- _INSTRUCTIONS TO FOLLOW_:
Nothing outside the range is to be copied. From the entries below, reproduce exactly the lines starting at the one with "California Waves Women" and ending at the one with "Buffet Effet Bois", without pictures.

- _EXERCISE MATERIAL_:
=======

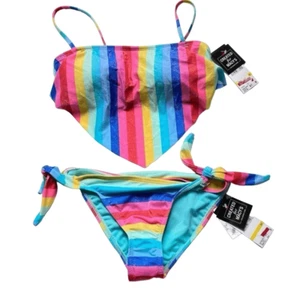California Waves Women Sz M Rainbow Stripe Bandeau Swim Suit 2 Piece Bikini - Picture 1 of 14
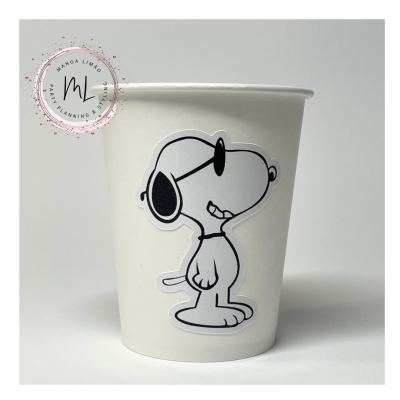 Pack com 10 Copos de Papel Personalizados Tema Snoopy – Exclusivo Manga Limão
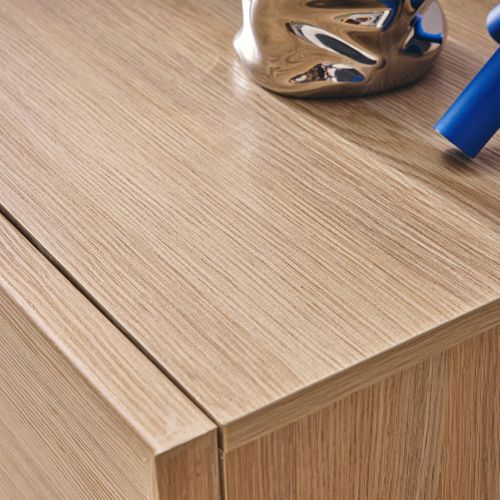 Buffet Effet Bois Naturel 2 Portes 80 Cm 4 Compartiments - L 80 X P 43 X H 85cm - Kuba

=======

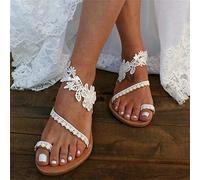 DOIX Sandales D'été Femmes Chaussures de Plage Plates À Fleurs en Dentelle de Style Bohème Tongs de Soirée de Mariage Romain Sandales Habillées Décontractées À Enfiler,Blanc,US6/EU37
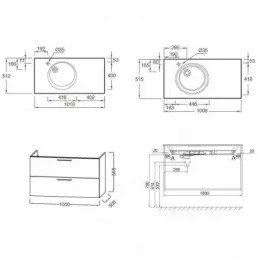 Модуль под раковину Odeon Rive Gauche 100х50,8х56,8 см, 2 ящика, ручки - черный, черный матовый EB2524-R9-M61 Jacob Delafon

=======

- _RESPONSE BOX_:
California Waves Women Sz M Rainbow Stripe Bandeau Swim Suit 2 Piece Bikini - Picture 1 of 14
 Pack com 10 Copos de Papel Personalizados Tema Snoopy – Exclusivo Manga Limão
 Buffet Effet Bois Naturel 2 Portes 80 Cm 4 Compartiments - L 80 X P 43 X H 85cm - Kuba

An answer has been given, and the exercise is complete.